Verschillende zaken bepalen het binnencomfort in een gebouw. De belangrijkste zijn: de luchtdichtheid, de faseverschuiving, de vochtigheidsgraad van de binnenlucht en de akoestiek.
Luchtdichtheid
Dat eerste, de luchtdichtheid – die luchtcirculaties en dus tocht voorkomt en bepalend is voor de hoeveelheid warmte die uit een gebouw kan ontsnappen en voor het comfortgevoel dat bewoners ervaren, wordt in een gebouw van baksteen of beton gegarandeerd door de binnenbepleistering op de muren, een zogenaamde damprem in het dak en luchtdichte aansluitbanden. In een houten gebouw nemen enkel een damprem en luchtdichte aansluitingen die taak voor hun rekening, zowel in het dak als in de muren. Goed aangebracht, hoeft geen van de twee manieren van afwerking op het vlak van luchtdichtheid onder te doen voor de andere.
Maar een damprem heeft wel een wezenlijk voordeel op pleisterwerk: het is na plaatsing makkelijk verwijderbaar en weer aan te brengen, terwijl pleisterwerk moet worden afgekapt om daarna opnieuw te worden aangebracht – waarbij je voor de tweede keer met droogtijden zit. Eventuele issues met binnencomfort veroorzaakt door slecht geplaatste isolatie kunnen in een houten gebouw dus veel sneller een eenvoudiger worden opgelost.
Wanneer een houten gebouw wordt geïsoleerd met de iQ3-isolatie van ISOPROC – die bestaat uit houtvezels uit gerecycleerd krantenpapier – dan is de luchtdichtheid ook praktisch controleerbaar.
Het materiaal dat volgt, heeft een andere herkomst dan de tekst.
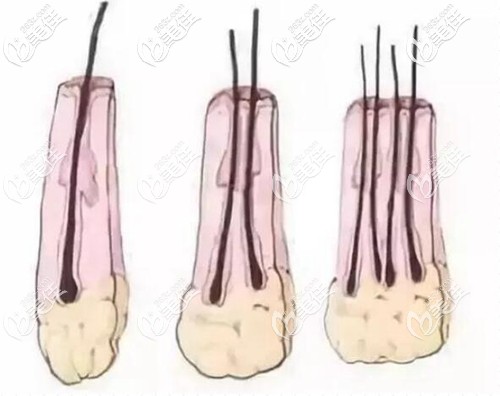 提取毛囊组织的形态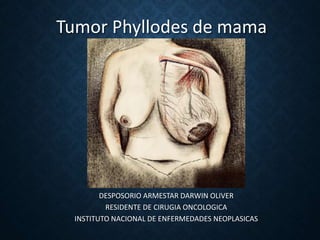 Tumor Phyllodes de mama
DESPOSORIO ARMESTAR DARWIN OLIVER
RESIDENTE DE CIRUGIA ONCOLOGICA
INSTITUTO NACIONAL DE ENFERMEDADES NEOPLASICAS
 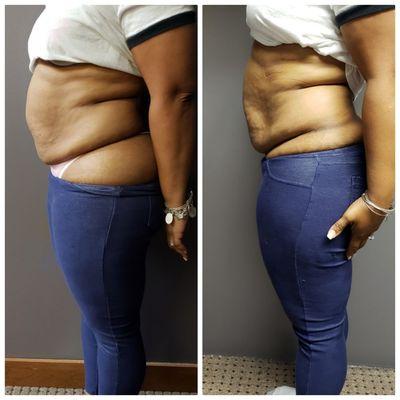 First time Client.... Laser Lipo/ Lipo Cavitation Treatment  Before & After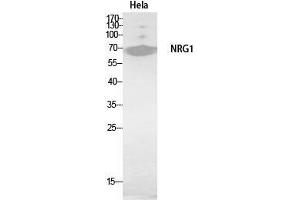Western Blot (WB) analysis of HeLa, HBE cells using Neuregulin-1 Polyclonal Antibody. (Neuregulin 1 Antikörper  (Internal Region))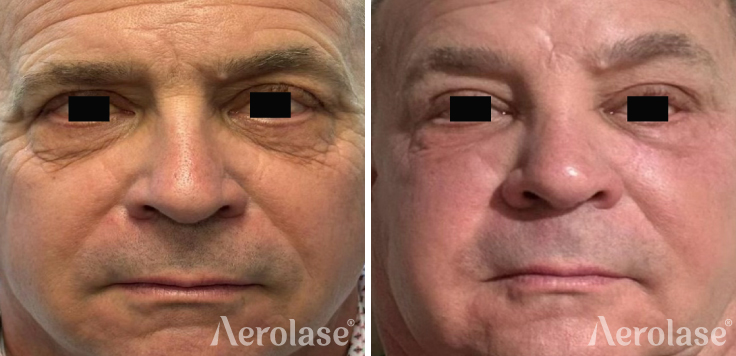 Era Hybrid Fractional Fitzpatrick 2 Patient, After 2 Treatments for Under Eye Rejuvenation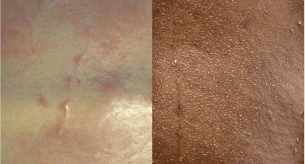 Side-by-side images of excessive sweating on lighter and darker skin.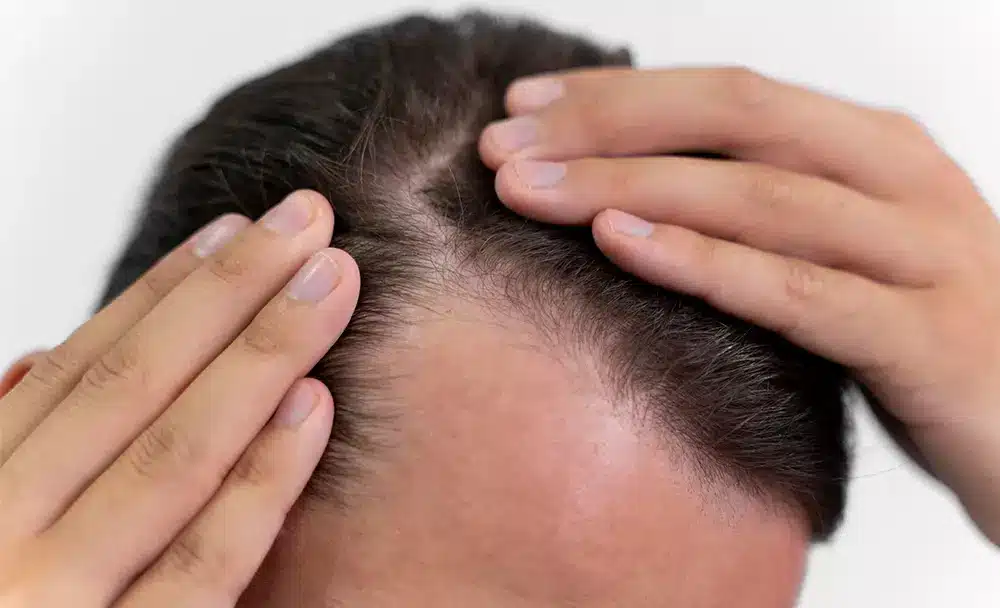 Causes and Risk Factors for Androgenetic Alopecia  Everyday Health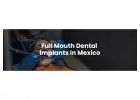 Full Mouth Dental Implants in Mexico with Teeth Savers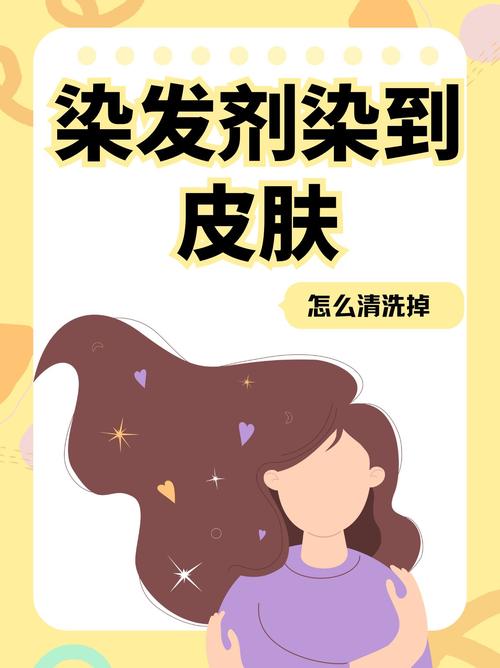 皮肤沾染发剂了,怎么快速去除?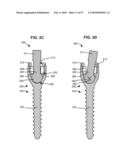 SURGICAL TOOL AND METHOD FOR IMPLANTATION OF A DYNAMIC BONE ANCHOR diagram and image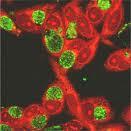 http://www.bioquicknews.com/node/45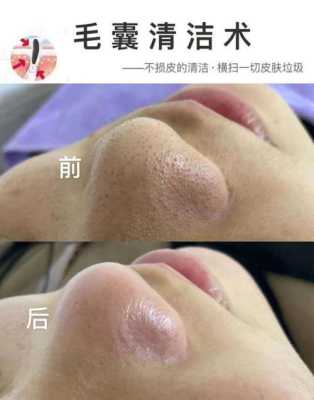 脸毛孔堵塞怎么清洁（毛孔有油脂粒怎么疏通）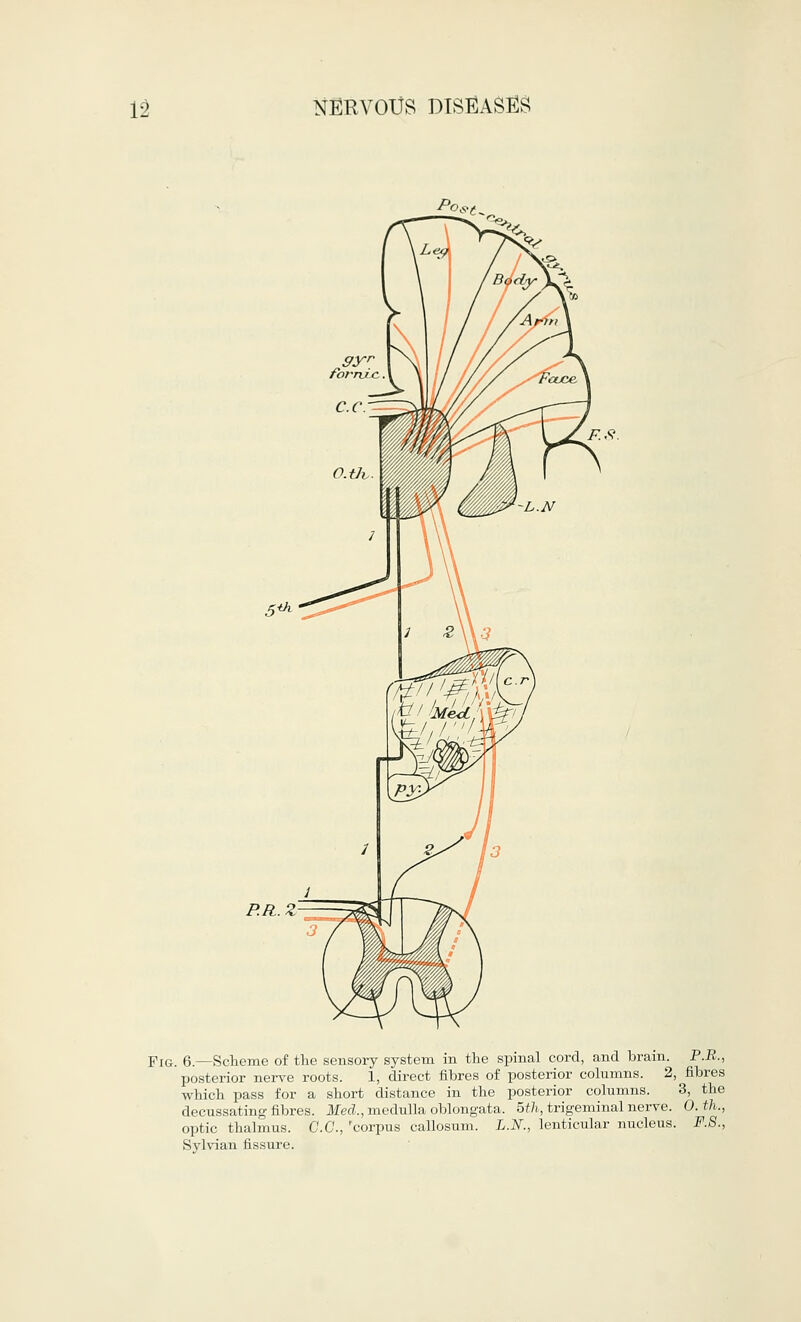 /w, F.S. P.R.Z Fig. 6.—Scheme of the sensory system in the spinal cord, and brain. P.R., posterior nerve roots. 1, direct fibres of posterior columns. 2, fibres which pass for a short distance in the posterior columns. 3, the decussating fibres. Med., medulla oblongata. 5th, trigeminal nerve. 0. th., optic thalmus. C.C., 'corpus callosum. L.N., lenticular nucleus. F.S., Sylvian fissure.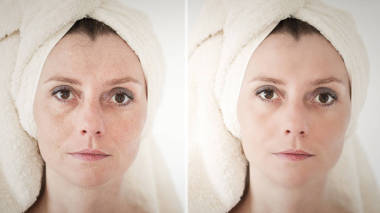 美概念-护肤、 抗衰老程序、 复兴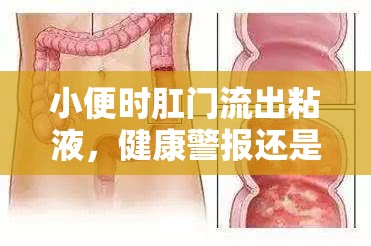 小便時肛門流出粘液，健康警報還是日?，F(xiàn)象？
De cellulosevlokken worden immers ingeblazen, wat betekent dat een klein scheurtje in de damprem niet onopgemerkt zal blijven, want de vlokken zullen er dan door worden geblazen. In een gebouw van baksteen wordt vaak gewerkt met een spouw of isolatieplaten tegen de bakstenen of het beton en valt de luchtdichtheid derhalve minder goed te controleren. Bovendien hebben de vezels van iQ3-isolatie een luchtremmend effect, waardoor eventuele defecten in de luchtdichte laag toch mee worden opgevangen, zodat luchtlekken en een tochtgevoel tot een minimum worden beperkt.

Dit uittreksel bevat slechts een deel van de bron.